Il suo intervento è stato una difesa della libertà di esprimersi del generale perchè «non è compito della politica vagliare la correttezza morale dei contenuti degli scritti» è stato un ridimensionamento deciso di Crosetto, che proviene da diversa estrazione politica e si è sempre mosso liberamente in un campo più moderato. Nella stessa area a cui ha dato voce Donzelli si inseriscono anche il sottosegretario alla Giustizia Andrea Delmastro, il capogruppo al Senato Tommaso Foti e il sottosegretario alla presidenza del Consiglio, Giovanbattista Fazzolari, che di Meloni è altro fidato consigliere. Tutti provenienti dalla comune estrazione post-missina, cui si sommano anche le file più giovani, rappresentate dalla vicecapogruppo alla Camera, Augusta Montaruli, che si è associata alle parole di Donzelli.

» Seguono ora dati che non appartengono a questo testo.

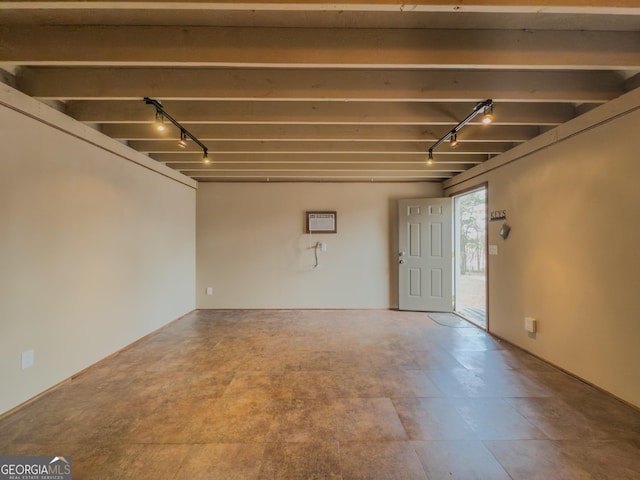 spare room with beam ceiling, track lighting, and an AC wall unit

La spaccatura culturale, sommersa ma fortissima nelle dinamiche interne del partito, è visibile anche tra i ranghi del governo. A Fazzolari, infatti, fa da controcanto alla presidenza del Consiglio il sottosegretario Alfredo Mantovano: fonti interne li danno in rotta costante, tanto che Meloni ne avrebbe separato il più possibile gli ambiti.

Lo stesso vale tra i ministri, in cui è netta la divisione tra ex democristiani ed ex missini. Tra i primi figurano due volti stimati da Meloni ma mai inseriti nella dinamica di partito e formati nella cultura Dc, come Crosetto e il ministro per gli Affari europei Raffaele Fitto. Tra i secondi il capofila è Francesco Lollobrigida. Dopo le frizioni dei mesi scorsi, il rapporto tra il ministro dell’Agricoltura (e marito di Arianna Meloni, che nel partito ha il ruolo chiave di gestire il tesseramento) e la premier si sarebbe ricucito come dimostrano le vacanze insieme, e la sua funzione d’ordine soprattutto tra i gruppi nelle camere sarebbe ripresa normalmente.

In questa galassia politica - fatta di amicizie cementate in gioventù e animata dalla rivalsa per le frustrazioni di tanti anni di opposizione - regna la convinzione che non si possano lasciare spiragli a destra.

Ancora più a destra

Esiste infatti un movimento sotterraneo ma che si sta allargando, composto da forze di estrema destra che, al pari di FdI, si sentono portatrici della tradizione missina e che accusano il partito di governo di essersi troppo annacquato nel candore democristiano. Da Forza Nuova, la prima a contattare Vannacci per una candidatura, a Gianni Alemanno.

Forte della sua sempre più assidua presenza nei talk show, l’ex sindaco nero di Roma da mesi si sta preparando a far nascere una nuova forza politica e finora a preso posizioni politiche precise: contro l’invio di armi all’Ucraina, a sostegno del movimento no vax e vicino al negazionismo storico dell’estrema destra, come ha dimostrato la sua condivisione del post di Marcello de Angelis sulle responsabilità dei Nar per la strage di Bologna.

Il timore di FdI è che queste forze sappiano toccare le corde giuste negli animi degli ex camerati, difendendo posizioni come quelle di Vannacci, che sono ben radicate culturalmente nella galassia della destra ma che oggi la premier non può più ripetere ad alta voce. Se questo accade a livello extraparlamentare, anche dentro il circuito di governo è in atto una manovra simile per rubare a FdI l’elettorato dei duri e puri. Dopo aver fatto passare qualche giorno in attesa che la polemica montasse, anche Matteo Salvini ha affondato il colpo: il vicepremier ha fatto sapere che comprerà il libro di Vannacci e tra i due c’è stata una «telefonata molto cordiale».

Il motto di Meloni è il tolkieniano «le radici profonde non gelano», ma l’obiettivo dei suoi avversari è quello di tagliarle di netto.